As you say, the project happened because of the Colleges in the first place. In a sense, they don't need a component to their name, as the overall design as a whole exists because of them.

In terms of what a spirit may ask for, it may effectively request maintenance, but it's less likely to need such regular and such distributed maintenance as the Hedgefolk option rather than something a state can offer something in a more centralised fashion. The other important thing is that it would be a negotiation with the spirit. If they ask for something problematic, we can explain why it's a problem, and offer something else. It's in the interests of the river spirits, I think, for their banks not to be corrupted, and instead be hospitable for potential worshippers/supplicants, and for that to stay the case even if the current population is wiped out so they can more easily be replaced. They're basically people, for example Lorili, the spirit of the Reik seems to have once been married to a high elf, and is recorded as talking to an Imperial scholar about how pissed off with them she is for leaving her.

One of the problems we might have is that the spirits may ask for things that are religiously problematic, like human sacrifice, especially if such has been offered to them in the past by other worshipers, but in general I agree that it makes sense to at least poke the spirits eventually.

I am not sure if we should try to do that with our first stone though, especially on such a tight schedule. Odds are good every single untested component adds risk of it not working and there might be a baseline risk below that. All in all I think KISS should be our plan for this first attempt, keeping in mind the enormity of what a Waystone, any Waystone represents.
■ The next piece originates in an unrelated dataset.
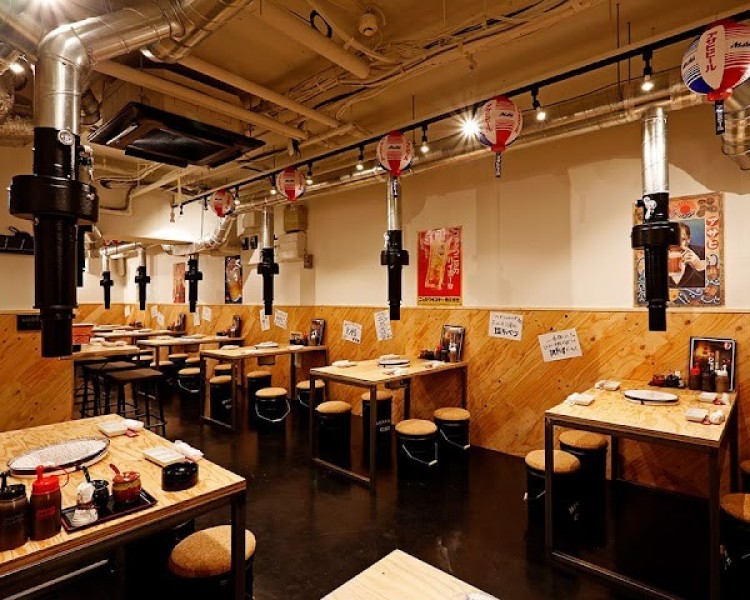 秩父焼肉ホルモン酒場 まる助 大宮一番街店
Even if it is not a perfect fit for the Bretonians it is still a way to keep their people from mutating their crops from dying and their land from being ruined by Chaos in a way they have no recourse to. All they just like everyone else had was old stones and the hope that the elves will save them if something too important breaks... now all that is changed. I think handing them a minimal viable miracle is quite enough to be getting started with.
 
Its a bad idea, but the idea of making a purely dwarven waystone calls to me. Just have Thorek put the pieces together and bitch at Caledor.
 
One of the problems we might have is that the spirits may ask for things that are religiously problematic, like human sacrifice, especially if such has been offered to them in the past by other worshipers, but in general I agree that it makes sense to at least poke the spirits eventually.

I am not sure if we should try to do that with our first stone though, especially on such a tight schedule. Odds are good every single untested component adds risk of it not working and there might be a baseline risk below that. All in all I think KISS should be our plan for this first attempt, keeping in mind the enormity of what a Waystone, any Waystone represents. Even if it is not a perfect fit for the Bretonians it is still a way to keep their people from mutating their crops from dying and their land from being ruined by Chaos in a way they have no recourse to. All they just like everyone else had was old stones and the hope that the elves will save them if something too important breaks... now all that is changed. I think handing them a minimal viable miracle is quite enough to be getting started with.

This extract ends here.